Hoopes is also working on a nonfiction book. It’s a biography of two major female figures in science: Joan Steitz, a professor at the Yale School of Medicine, and Pomona graduate Jennifer Doudna ’85, a professor at the University of California, Berkeley.
“The two entered science about 20 years apart—Joan when there was a lot of discrimination against woman, and Jennifer when pretty much all the doors were open and everyone was just enchanted with her,” says Hoopes. “The whole idea is to look at key stages in their careers. It’s kind of a fun project.”
Ralph Bolton ’61
JUST AS HE DID 53 years ago in the Peace Corps, Ralph Bolton ’61 will be spending his post-Pomona years helping impoverished people in Peru.
The anthropology professor, who began teaching at Pomona in 1972, is president of the Chijnaya Foundation, which aids people in poor, rural communities in southern Peru. Created by Bolton in 2005, the organization designs and builds self-sustaining projects in health, education and economic development. Bolton does the work entirely on a volunteer basis.

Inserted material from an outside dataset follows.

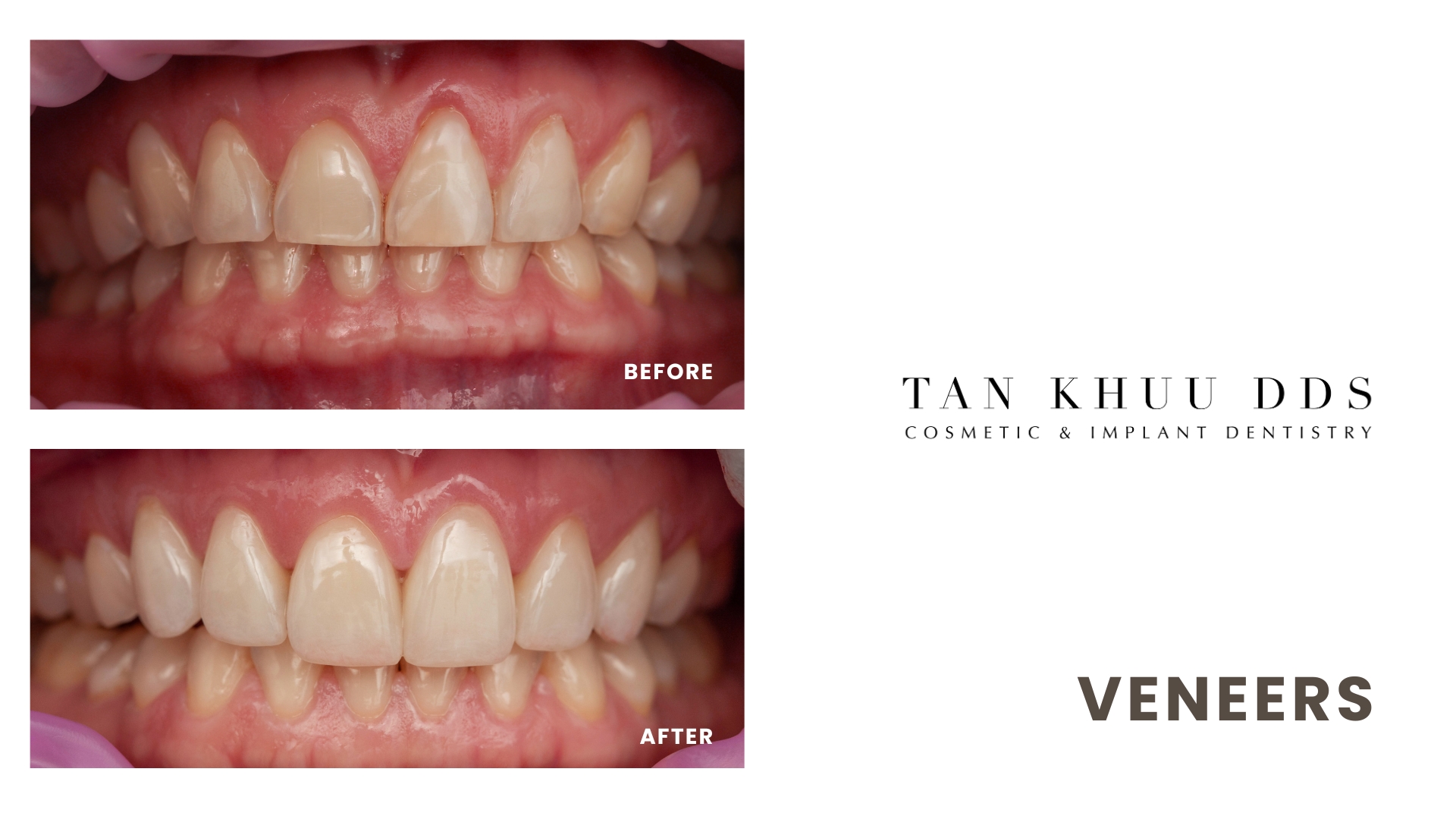 Veneers case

“It’s extremely gratifying,” he says. “The people are very grateful. Many of these communities where we work are totally abandoned by any other nonprofit organizations or by the government agencies, and it’s one of the poorest areas of South America.”
His powerful connection to Peru first took root when he was a 22-year-old in the Peace Corps. In the small highland village of Chijnaya, he brought agrarian reform to the farming families, improving their lives dramatically. Hands-on service has always been part of Bolton’s approach as an applied anthropologist, whether he’s helping the destitute or advocating for HIV prevention.

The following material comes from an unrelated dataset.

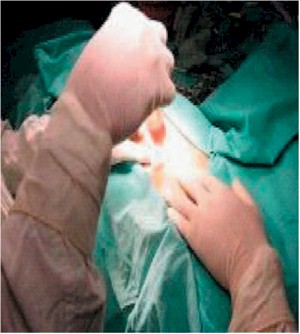 caso_clinico/empiema_drenaje_cultivo caso_clinico/empiema_drenaje_cultivo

His very popular Human Sexuality class at Pomona pioneered undergraduate discussions on AIDS and HIV when he began teaching it in the late 1980s. In 2010, he was honored with the Franz Boas Award for Exemplary Service to Anthropology, considered the most prestigious award in his profession.
Bolton says he’ll be spending about half the year in Peru, where he’s also working with fellow anthropologists and helping develop anthropology programs in universities.

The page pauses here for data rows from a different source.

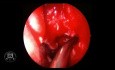 Routine-FESS (funktionelle endoskopische Nasennebenhöhlenchirurgie)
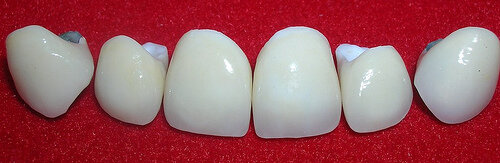 Primeras coronas de porcelana sin metal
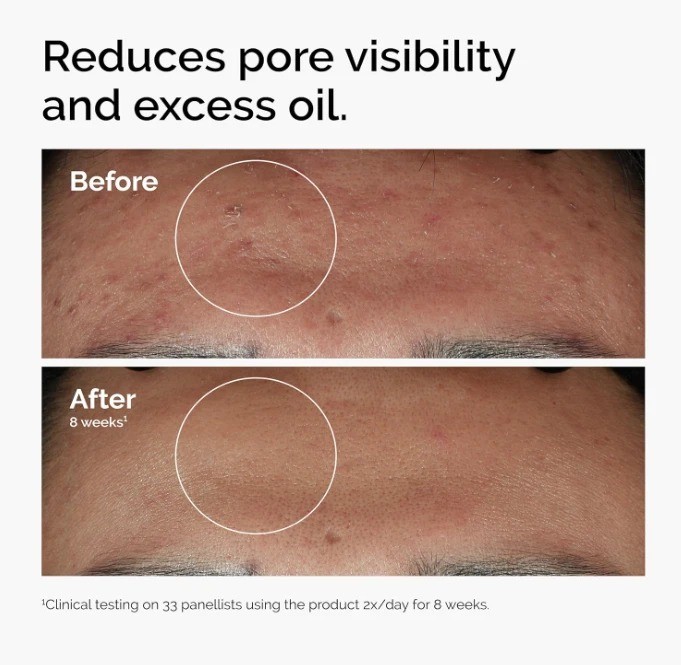 The Ordinary Niacinamide 10% + Zinc 1%, Smoothing Serum for Blemish-Prone Skin gallery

“I can barely sign in to Facebook without having a Peruvian student or colleague begin to chat with me. So while I regret the loss of my Pomona students, the slack has certainly been taken up by other students of anthropology elsewhere who are very eager to continue to benefit from whatever I have to offer.”
James Likens
JAMES LIKENS SPENT 46 years teaching economics at Pomona. In his retirement, he’ll focus more on family than finance.
“I’m very big into family history. I have more than 17,000 names in my file,” he says. “Genealogy is fun for me perhaps because it’s so different from economics. Economics is driven by numbers and theory; genealogy is driven by documents and stories.”
Likens also served as president and CEO of the Western CUNA (Credit Union National Association) Management School, a three-year program spread over two weeks each July on the Pomona College campus. Since he joined the school in 1972, its annual enrollment has more than tripled from less than 100 to more than 300.
Likens, a winner of the Wig Distinguished Professor award, chaired Pomona’s Economics Department from 1998 to 2001. He also directed the yearlong celebration of Pomona’s Centennial. Likens has long been involved in community service—he has served on nonprofit boards and task forces—and says that will continue. “I will always be involved with service. I don’t know what it will be, but I will do something. It could be a board, or it could be a soup kitchen.”
He also plans to pursue his many interests, which include traveling, golfing, painting and spending time with his family, especially his four granddaughters. In addition, he’ll be working on a memoir.
“I have mixed feelings, of course, about retiring,” says Likens. “I have been at Pomona a long time, and it’s very much a part of my life. On the other hand, I now have the opportunity to do new things, and I look forward to that.”